La nostra Europa

L’abbiamo costruita noi, manager e imprenditori grandi e piccoli, che più o meno consapevolmente abbiamo intrapreso la via dell’integrazione, senza attendere che fossero i governi a imporla

L’Europa è al centro del dibattito tra bocciature della manovra, sovranismi e bilancia del dare e dell’avere. Panebianco oggi sul Corriere riconduce il dibattito alla costruzione politica, ai pro e contro, al ritorno dei nazionalismi come contrappeso dell’integrazione.

Ma l’Europa che conosciamo, quella in cui viviamo ogni giorno, alla quale ha dato voce Ferrera pochi giorni fa, non è solo una costruzione giuridica.
È quella dei nostri figli che non hanno mai visto una frontiera interna, che hanno sempre usato euro e che forse ricordano le lire come i giocattoli dell’infanzia.

È quella delle nostre vacanze in Spagna o in Sardegna, come tante altre famiglie europee, parlando in italiano, spagnolo, inglese lontani dalla perfezione, di sport, cucina, amicizie, vita ed economia quotidiana non appresa nelle business school. I nostri figli che lavorano a Londra o a Parigi non sono diversi da quelli di noi che da Bologna o da Cagliari andavano a lavorare a Milano o a Roma: se noto una differenza sta nelle migliori capacità d’adattamento e nella minore attenzione al guadagno immediato.

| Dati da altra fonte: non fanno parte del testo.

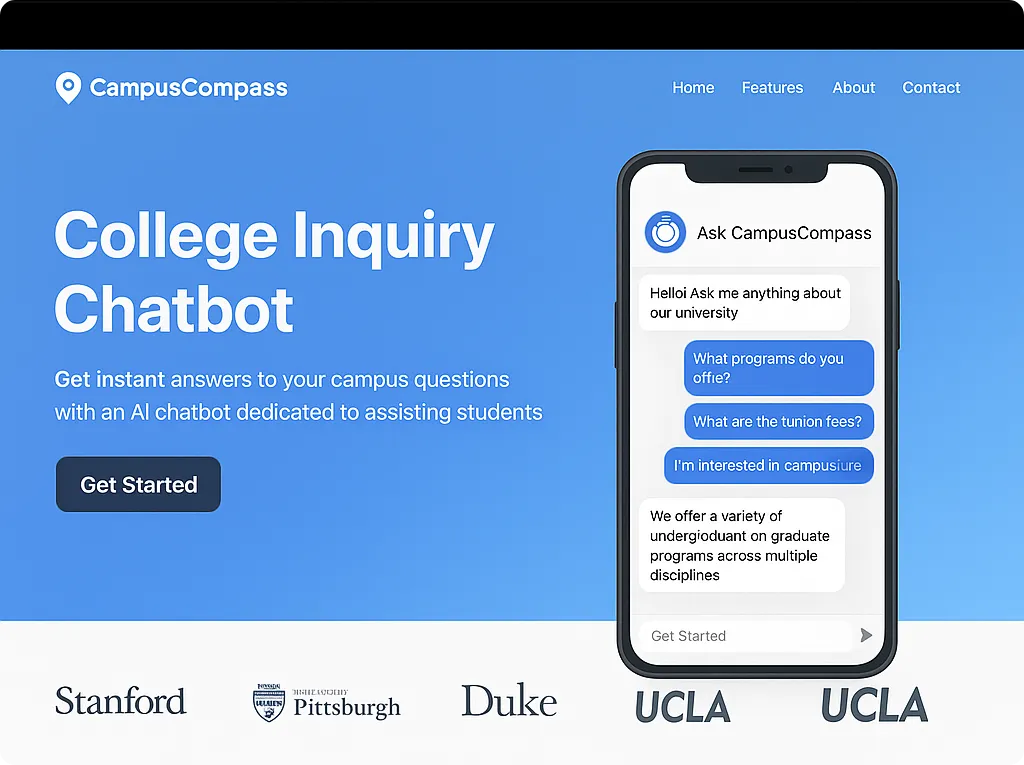 A ML based College Enquiry Chatbot
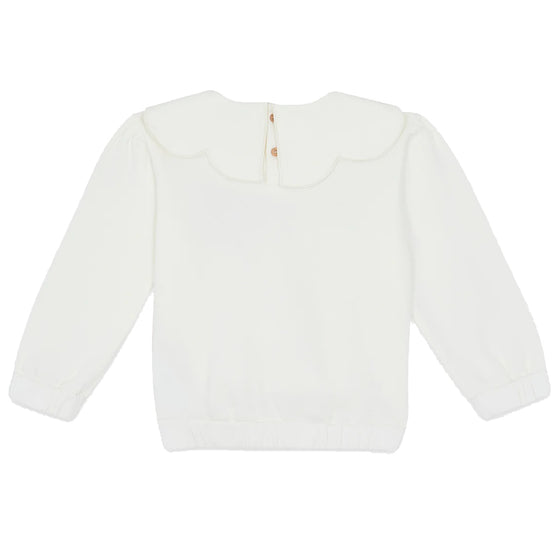 BONTON Martine Baby Sweatshirt - Ecru Bonton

Questa Europa quotidiana non è nata per caso, né ci è stata imposta dalla volontà di politici o burocrati. L’abbiamo costruita noi, manager e imprenditori grandi e piccoli, che più o meno consapevolmente abbiamo intrapreso la via dell’integrazione, senza attendere che fossero i governi a imporla. È stato sufficiente eliminare alcuni vincoli (e tanti pure ne rimangono), il resto lo abbiamo fatto con scelte organizzative, produttive, commerciali, finanziarie che progressivamente hanno fatto emergere ciò che abbiamo in comune. Oggi in Europa abbiamo organizzazioni, lingua, metodi, interessi geopolitici, impianto normativo largamente comuni.
Gli effetti non sono stati solo positivi, ma è ben difficile pensare che una politica di chiusura, particolarismo, lotte monetarie e commerciali avrebbero fatto di meglio. Sfido chiunque a dimostrarlo.

Abbiamo costruito tutto ciò nella libertà che i nostri governi ci hanno concessa. E non è stata poca. In altre parti del mondo la crescita, più impetuosa per il ritardo accumulato dalle generazioni precedenti, è avvenuta a prezzo della libertà. Non abbiamo perduto le nostre radici: ogni angolo d’Europa mantiene la sua orgogliosa identità e sono convinto che con un po’ d’impegno potremmo ridare vita anche a luoghi e comunità periferici e massificati, la cui eventuale efficienza mostra oggi un volto problematico. Rimaniamo orgogliosamente campanilisti nello sport, nella cucina, nel modo di comunicare.

Abbiamo amministrato, e tuttora lo facciamo ogni giorno, con i nostri limiti, un continente ricco di valori e di storia, senza pretenderne la proprietà. Abbiamo archiviato i periodi storici in cui dominavano i sovrani e decidevano le sorti dei popoli.

Le forze politiche che si oppongono al completamento dell’integrazione europea percepiscono che solo un’azione, non dico violenta, ma certamente aggressiva, può fermarla, almeno per un po’. Tutto il continente, a tutti i livelli sociali, si è ormai abituato a questa libertà e la considera così scontata da dimenticarsi di doverla difendere.

L’integrazione non è completa e sono ancora troppo carenti i meccanismi solidaristici, non tra paesi generici, ma tra le persone reali, a dispetto di un welfare ricco e abbondante, che in qualche caso ha creato però squilibri inattesi. La difficile soluzione non sta nel ritorno degli stati nazionali, ma nel recupero di legami di comunità in ambiti più limitati, più vicini alle persone, in un quadro comune di regole e strumenti.
Siamo tra i milioni di persone, di ogni livello sociale, che vivono tutto sommato bene nella Casa Europa. Abbiamo qualche responsabilità in più per il modo in cui l’abbiamo costruita e anche per come potremmo restaurarla e ammodernarla.
Alla chiamata di chi vuole migliorarla – evitando una nuova epoca di lotte tra sovrani (anche di quelli legittimati dal popolo) – rispondiamo con entusiasmo, non per scongiurare ogni inutile e insensato ritorno al passato. Per guardare a costruire consapevolmente il nostro futuro.